TECHNOLOGIES OF CONTROL: TV AS THE OPIATE OF THE MASSES

One of the major revisions this film version of ANIMAL FARM makes to Orwell's text is the addition of several forms of technology. The anxious farmers listen in to the goings on in the barn using surveillance equipment, and the pigs early on make the discovery that television has a soothing effect on the animals. Both of these additions establish and develop a similar theme: for all the good that technology can do, it also provides those who control it with the means to control others.

Technology was already a theme in Orwell's novel, though in a slightly different way. Snowball devises his plan to build the windmill because he believes in both the practical and symbolic value of technological advances. The windmill will save labor on the farm, and will therefore achieve the philosophical end of advancing the liberation of animals from toil. But it will also intimidate the neighbors, and act as a sign for the intelligence and ingenuity of the pigs. Technological ability is a tool of the state, advertising its health and vitality.

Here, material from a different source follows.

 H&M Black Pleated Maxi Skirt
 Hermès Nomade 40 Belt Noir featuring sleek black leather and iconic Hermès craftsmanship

TNT's ANIMAL FARM takes this theme one step further: television becomes the ultimate form of packaging for advertising the political message. In this way, two themes overlap: the pigs' control over media technology allows them to produce newsreel-style programming; in turn, they are able to produce the ultimate propaganda. In Orwell's text the pigs control the most basic technology of all: written language. TNT's version takes this technological control one step further, giving the pigs control over the transmission of visual information as well. And the animals are powerless in the face of technology because they are unable to tear their eyes away from the mesmerizing glow of the screen.

  • How is TV used today?
  • How does the immediacy of information impact its messages?
  • Why does television attract such an audience? What do people like about it?
  • How large a role does television play in the political process in the United States? What consequences does this have?
  • Where do most people get the information they use to form their political opinions?
  • How much thought do you think politicians give to entertainment value when they want to influence voters? How much do they "spin" their answers when they are asked questions?
  • Is it possible to be too cynical about politics? Is it fair to say that "everything is spin"?